◆ **Exercise requirements**
Beginning with the first line of the entries below, quote each line until you reach and include the line with "现做24way26护套线2464多芯电源线 护套过粉线 护套端子线防雾线".

◆ **Records for this task**
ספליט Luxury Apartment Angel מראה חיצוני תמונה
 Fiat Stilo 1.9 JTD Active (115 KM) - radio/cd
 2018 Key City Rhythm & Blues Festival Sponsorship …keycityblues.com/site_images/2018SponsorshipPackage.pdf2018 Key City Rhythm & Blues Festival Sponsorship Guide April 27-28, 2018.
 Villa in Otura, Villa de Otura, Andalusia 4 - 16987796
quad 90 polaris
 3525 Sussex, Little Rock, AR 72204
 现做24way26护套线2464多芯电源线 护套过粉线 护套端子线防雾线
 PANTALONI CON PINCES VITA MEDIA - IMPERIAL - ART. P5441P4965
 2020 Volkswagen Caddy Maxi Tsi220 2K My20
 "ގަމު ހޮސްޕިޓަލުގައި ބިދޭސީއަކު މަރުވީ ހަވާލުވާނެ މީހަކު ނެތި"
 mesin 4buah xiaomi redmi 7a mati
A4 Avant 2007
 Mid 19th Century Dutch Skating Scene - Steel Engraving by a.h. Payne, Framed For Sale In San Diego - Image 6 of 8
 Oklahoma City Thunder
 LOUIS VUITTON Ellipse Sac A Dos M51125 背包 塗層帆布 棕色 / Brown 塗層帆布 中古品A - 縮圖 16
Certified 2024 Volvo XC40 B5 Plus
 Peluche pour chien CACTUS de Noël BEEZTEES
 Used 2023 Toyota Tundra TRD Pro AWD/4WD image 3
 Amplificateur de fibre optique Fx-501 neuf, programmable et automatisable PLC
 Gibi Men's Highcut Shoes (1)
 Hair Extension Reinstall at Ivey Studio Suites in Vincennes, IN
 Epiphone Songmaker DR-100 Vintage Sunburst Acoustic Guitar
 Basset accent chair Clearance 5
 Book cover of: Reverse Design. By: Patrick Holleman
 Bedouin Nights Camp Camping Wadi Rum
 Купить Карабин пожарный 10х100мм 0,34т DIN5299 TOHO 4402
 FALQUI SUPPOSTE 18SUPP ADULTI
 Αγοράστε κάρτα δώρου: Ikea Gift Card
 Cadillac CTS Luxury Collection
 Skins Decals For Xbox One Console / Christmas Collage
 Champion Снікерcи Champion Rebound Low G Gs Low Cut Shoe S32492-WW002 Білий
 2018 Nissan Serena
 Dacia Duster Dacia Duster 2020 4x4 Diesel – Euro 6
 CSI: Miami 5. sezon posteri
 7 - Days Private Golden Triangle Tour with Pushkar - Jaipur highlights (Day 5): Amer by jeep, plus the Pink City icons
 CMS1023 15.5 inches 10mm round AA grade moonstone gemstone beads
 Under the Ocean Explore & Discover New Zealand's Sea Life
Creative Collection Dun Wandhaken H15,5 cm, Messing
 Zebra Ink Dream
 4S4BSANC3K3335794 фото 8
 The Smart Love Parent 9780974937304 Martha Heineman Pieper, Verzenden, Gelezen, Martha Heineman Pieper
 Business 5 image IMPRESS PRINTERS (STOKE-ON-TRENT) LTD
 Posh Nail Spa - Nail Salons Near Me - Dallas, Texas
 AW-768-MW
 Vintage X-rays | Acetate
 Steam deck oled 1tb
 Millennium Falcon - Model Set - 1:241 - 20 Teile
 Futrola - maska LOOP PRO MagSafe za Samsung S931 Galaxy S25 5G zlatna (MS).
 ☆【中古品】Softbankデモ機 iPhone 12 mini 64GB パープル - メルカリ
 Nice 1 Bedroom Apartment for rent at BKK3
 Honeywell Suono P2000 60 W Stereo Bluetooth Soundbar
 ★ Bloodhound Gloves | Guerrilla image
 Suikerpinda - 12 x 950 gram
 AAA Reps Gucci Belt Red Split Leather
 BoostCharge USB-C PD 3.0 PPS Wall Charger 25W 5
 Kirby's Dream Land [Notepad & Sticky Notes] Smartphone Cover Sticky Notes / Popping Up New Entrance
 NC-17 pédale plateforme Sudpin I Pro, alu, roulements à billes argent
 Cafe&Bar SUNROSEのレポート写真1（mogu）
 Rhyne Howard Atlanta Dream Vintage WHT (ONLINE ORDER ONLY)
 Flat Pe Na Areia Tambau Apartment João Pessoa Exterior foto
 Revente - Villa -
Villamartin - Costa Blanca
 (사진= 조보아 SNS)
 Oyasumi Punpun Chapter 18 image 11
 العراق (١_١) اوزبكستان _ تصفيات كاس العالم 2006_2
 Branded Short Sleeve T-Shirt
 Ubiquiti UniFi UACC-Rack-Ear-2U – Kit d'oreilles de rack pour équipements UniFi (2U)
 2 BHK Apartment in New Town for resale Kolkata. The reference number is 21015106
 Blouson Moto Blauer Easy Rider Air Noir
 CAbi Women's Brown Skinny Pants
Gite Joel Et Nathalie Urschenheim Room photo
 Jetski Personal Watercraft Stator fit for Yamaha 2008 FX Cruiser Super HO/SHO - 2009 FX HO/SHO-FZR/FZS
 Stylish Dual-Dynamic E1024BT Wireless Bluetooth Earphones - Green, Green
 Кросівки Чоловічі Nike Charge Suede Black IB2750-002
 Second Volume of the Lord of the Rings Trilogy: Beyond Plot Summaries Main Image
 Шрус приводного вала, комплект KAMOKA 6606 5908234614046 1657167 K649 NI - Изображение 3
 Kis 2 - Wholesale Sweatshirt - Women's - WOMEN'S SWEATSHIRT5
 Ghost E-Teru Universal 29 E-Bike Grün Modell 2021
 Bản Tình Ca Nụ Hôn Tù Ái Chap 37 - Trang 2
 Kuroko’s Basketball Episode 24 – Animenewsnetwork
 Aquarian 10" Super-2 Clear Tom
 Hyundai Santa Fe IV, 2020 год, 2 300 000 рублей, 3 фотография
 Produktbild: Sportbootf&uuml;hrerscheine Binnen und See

◆ **Response to this exercise**
ספליט Luxury Apartment Angel מראה חיצוני תמונה
 Fiat Stilo 1.9 JTD Active (115 KM) - radio/cd
 2018 Key City Rhythm & Blues Festival Sponsorship …keycityblues.com/site_images/2018SponsorshipPackage.pdf2018 Key City Rhythm & Blues Festival Sponsorship Guide April 27-28, 2018.
 Villa in Otura, Villa de Otura, Andalusia 4 - 16987796
quad 90 polaris
 3525 Sussex, Little Rock, AR 72204
 现做24way26护套线2464多芯电源线 护套过粉线 护套端子线防雾线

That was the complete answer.